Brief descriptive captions
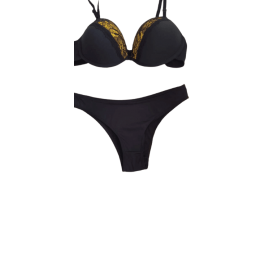Conjunto Pop Preto com Renda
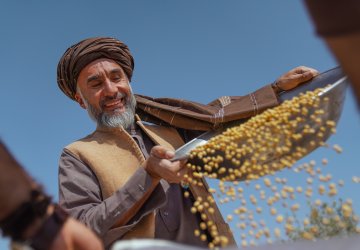 A farmer in Afghanistan.
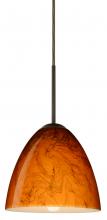 Besa Lighting J-4470HB-LED-BR - Besa Vila LED Pendant For Multiport Canopy Habanero Bronze 1x9W LED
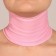 Gel SPA-mask for the neck, reusable, on Velcro, 46 ​​x 10 cm, pink color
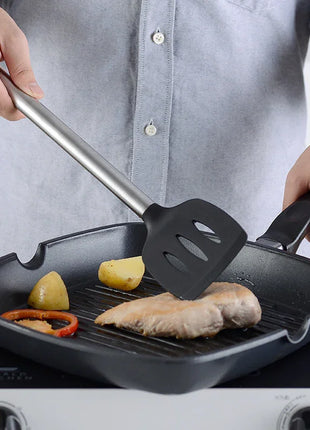 Set of 16 PCS Kitchen stainless steel Silicone with hocks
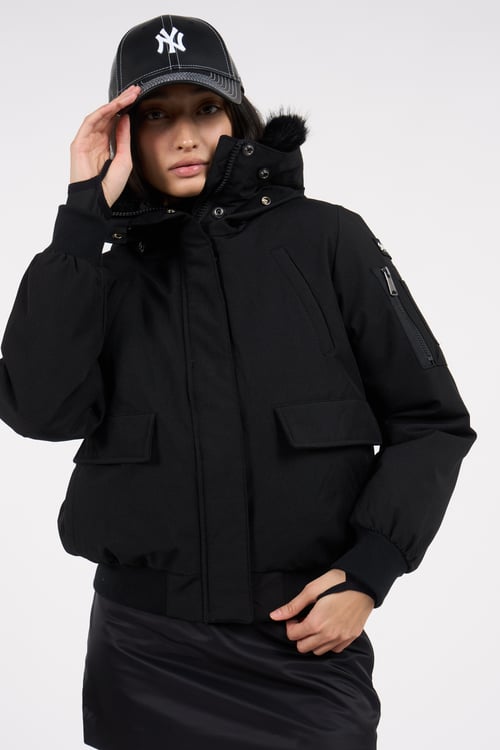SCHOTT Doudoune Noir
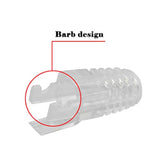100 Pcs Rj45 Cat6 Strain Relief Boots Connector For Standard Cat6 Cat6A Ethern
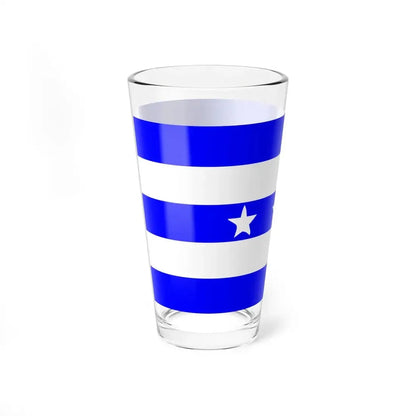 Guayas Flag (Ecuador) Pint Glass 16oz - Go Mug Yourself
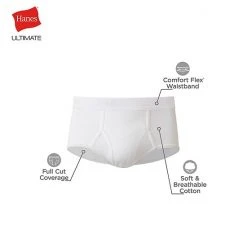 Men's Hanes Ultimate® 7-pack + 2 Bonus Full-Cut Briefs -Hanes Shop unnamed file 172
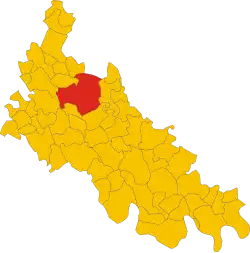 Locatie van Lodi in Lodi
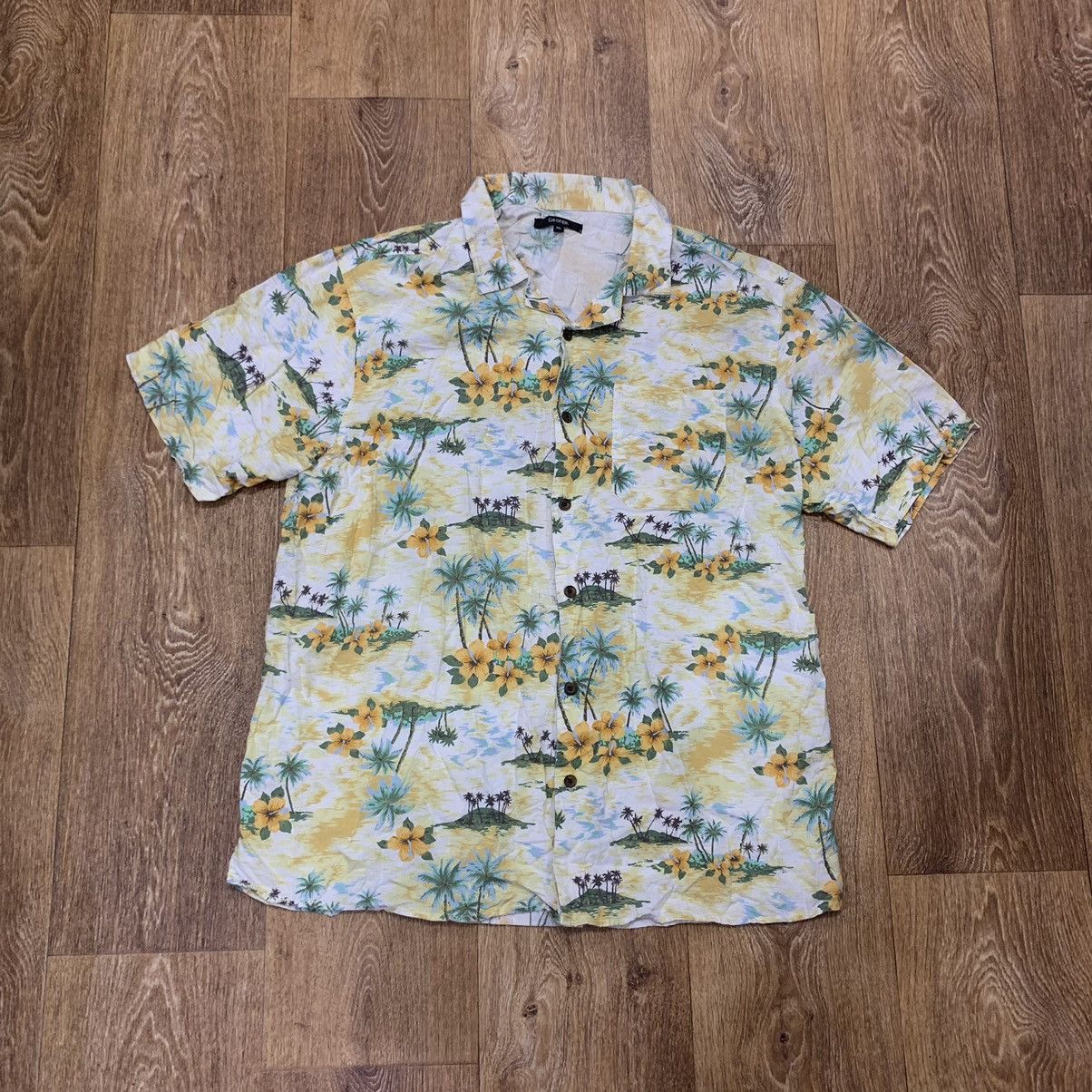 Vintage Vintage 90s Hawaiian shirt streetwear y2k style Size US XL / EU 56 / 4 - 1 Thumbnail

* **INSTRUCTIONS TO FOLLOW**: Exactness is what counts here: copy each entry as given and omit its pictures.

* **REPLY**:
Conjunto Pop Preto com Renda
 A farmer in Afghanistan.
 Besa Lighting J-4470HB-LED-BR - Besa Vila LED Pendant For Multiport Canopy Habanero Bronze 1x9W LED
 Gel SPA-mask for the neck, reusable, on Velcro, 46 ​​x 10 cm, pink color
 Set of 16 PCS Kitchen stainless steel Silicone with hocks
SCHOTT Doudoune Noir
100 Pcs Rj45 Cat6 Strain Relief Boots Connector For Standard Cat6 Cat6A Ethern
 Guayas Flag (Ecuador) Pint Glass 16oz - Go Mug Yourself
 Men's Hanes Ultimate® 7-pack + 2 Bonus Full-Cut Briefs -Hanes Shop unnamed file 172
 Locatie van Lodi in Lodi
 Vintage Vintage 90s Hawaiian shirt streetwear y2k style Size US XL / EU 56 / 4 - 1 Thumbnail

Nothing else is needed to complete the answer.